Приведу такой пример: один спортсмен прекращает работать перед заходом на рубеж раньше, другой позже. У кого преимущество? У того, кто бросил работать раньше? Не факт. Потому что возбудимость более загруженной мышцы ниже. Соответственно ниже будет и тремор, но только в первые секунды. А значит, темп стрельбы тоже должен быть соответственным.

Прежде чем менять человеку его привычную изготовку в стрельбе лежа или стоя, надо досконально понимать, какие мышечные механизмы все это обеспечивают. А не просто советовать опустить плечо или поднять локоть. Другими словами, нужно время, чтобы во всем этом разобраться. Потому что спортсмен высокого класса – это не подопытный кролик.

– Как, кстати, вы относитесь к понятию "пик формы"?

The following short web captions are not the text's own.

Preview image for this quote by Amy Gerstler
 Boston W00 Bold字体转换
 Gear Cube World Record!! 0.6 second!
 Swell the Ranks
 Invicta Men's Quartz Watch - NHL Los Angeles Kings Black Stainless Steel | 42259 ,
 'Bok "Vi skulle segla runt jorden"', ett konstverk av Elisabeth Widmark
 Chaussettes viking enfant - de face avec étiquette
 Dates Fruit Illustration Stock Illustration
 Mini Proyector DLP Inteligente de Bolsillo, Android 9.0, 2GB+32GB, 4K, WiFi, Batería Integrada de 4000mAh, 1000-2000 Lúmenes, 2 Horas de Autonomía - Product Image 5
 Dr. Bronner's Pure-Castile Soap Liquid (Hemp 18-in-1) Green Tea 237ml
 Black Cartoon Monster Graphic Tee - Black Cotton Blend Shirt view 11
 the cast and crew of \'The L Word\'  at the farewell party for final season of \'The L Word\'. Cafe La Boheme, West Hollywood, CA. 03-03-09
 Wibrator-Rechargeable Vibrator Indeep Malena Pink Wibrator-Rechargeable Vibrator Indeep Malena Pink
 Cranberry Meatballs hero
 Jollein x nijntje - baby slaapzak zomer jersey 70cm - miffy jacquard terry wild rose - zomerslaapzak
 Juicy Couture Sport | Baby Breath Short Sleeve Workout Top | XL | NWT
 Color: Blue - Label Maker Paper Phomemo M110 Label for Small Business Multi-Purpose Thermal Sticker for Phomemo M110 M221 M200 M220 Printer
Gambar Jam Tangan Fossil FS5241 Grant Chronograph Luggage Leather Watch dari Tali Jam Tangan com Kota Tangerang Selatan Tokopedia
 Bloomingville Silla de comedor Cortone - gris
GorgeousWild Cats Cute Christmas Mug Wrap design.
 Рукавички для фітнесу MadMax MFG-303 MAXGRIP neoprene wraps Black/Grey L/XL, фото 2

– Никто его, как говорится, не щупал, но он безусловно есть. Как любит говорить Антон, у него есть два точных показателя. Первый – когда ударил по мышце и она "звенит", а второй – когда появляется способность долго сидеть в бане.

– Когда вы встречаетесь на очередном этапе работы?

– На днях лечу к нему в Екатеринбург – Антона отпускают из расположения команды на несколько дней домой. Потом у нас планируется совместный сбор в Чехии, и уже во второй половине февраля начнем целенаправленно готовиться к чемпионату мира в Контиолахти.

Почему мне сейчас желательно по возможности постоянно быть рядом с Антоном? Потому что на текущем этапе важно максимально правильно донести до спортсмена саму идею работы, которую он делает в тренировках, и указать критерии, на которые следует ориентироваться по своим ощущениям. Остальное он сделает сам.